Exercise prompt: Pictures left aside, return the lines below exactly, from the one with "Schweizer Bürger entscheiden" to the end, including both ends.

Source material:
===============

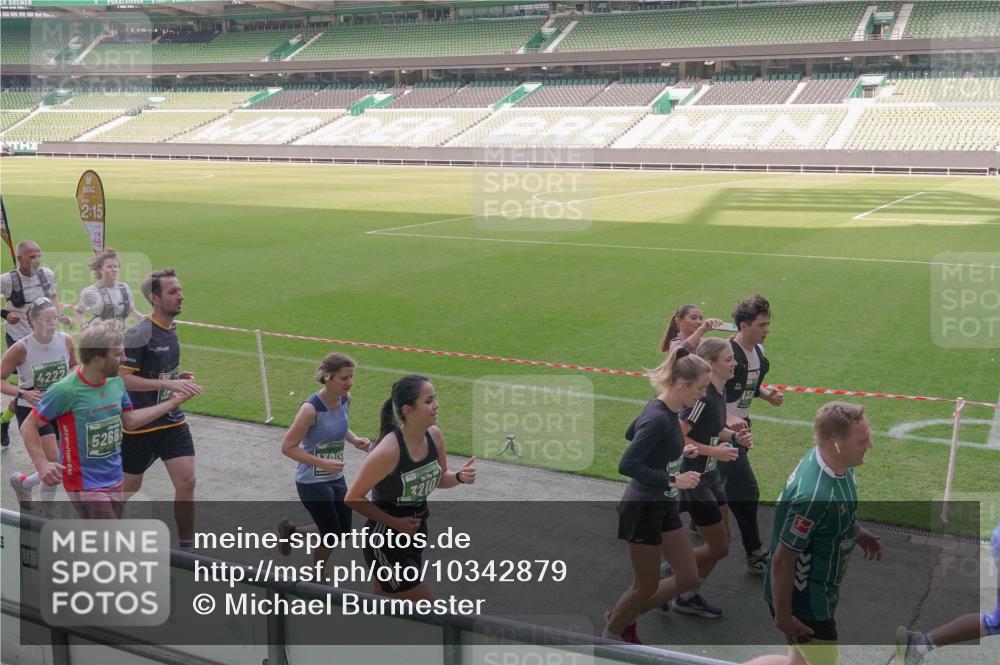 13.09.2026 - 21. swb-Marathon Bremen Michael Burmester http://msf.ph/oto/10342879 13.09.2026 13:26:46 Laufen im Stadion 186, 202, 357, 364, 390, 530, 543, 597, 645, 833, 966, 1077, 1283, 1410, 1412, 1443, 1459, 1473, 1487, 1530, 1608, 1618, 1700, 1744, 1769, 1828, 1953, 1961, 2058, 2273, 2298, 2308, 2309, 2382, 2384, 2388, 2404, 2428, 2507, 2508, 2542, 2558, 2576, 2582, 2591, 2592, 2656, 2675, 2725, 2748, 2762, 2817, 2875, 2878, 2923, 2965, 2970, 2981, 3045, 3047, 3050, 3062, 3073, 3084, 3097, 3172, 3184, 3219, 3359, 3433, 3540, 3592, 3629, 3756, 3851, 3907, 3978 meine-sportfotos.de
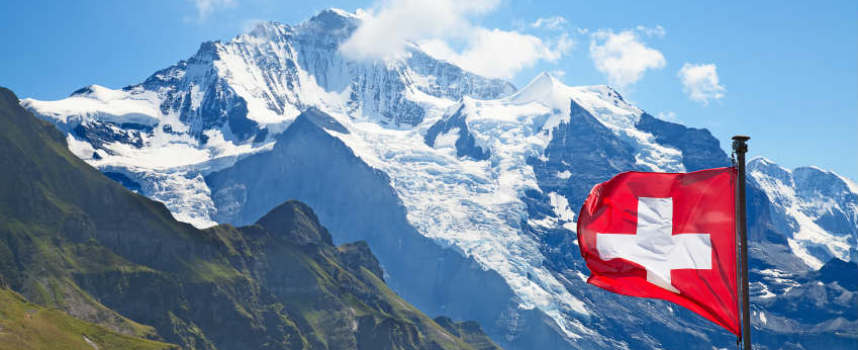 Schweizer Bürger entscheiden sich gegen strikte Zuwanderungsbeschränkungen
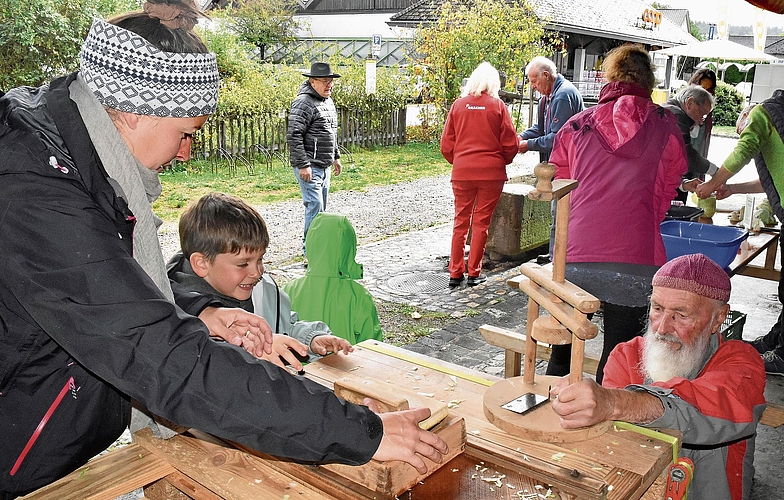 An einem traditionellen Gerät mit scharfen Messern werden die halbierten Kohlköpfe gehobelt.Bilder: Alfred Weigel An einem traditionellen Gerät mit scharfen Messern werden die halbierten Kohlköpfe gehobelt.Bilder: Alfred Weigel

===============

Solved problem:
 Schweizer Bürger entscheiden sich gegen strikte Zuwanderungsbeschränkungen
 An einem traditionellen Gerät mit scharfen Messern werden die halbierten Kohlköpfe gehobelt.Bilder: Alfred Weigel An einem traditionellen Gerät mit scharfen Messern werden die halbierten Kohlköpfe gehobelt.Bilder: Alfred Weigel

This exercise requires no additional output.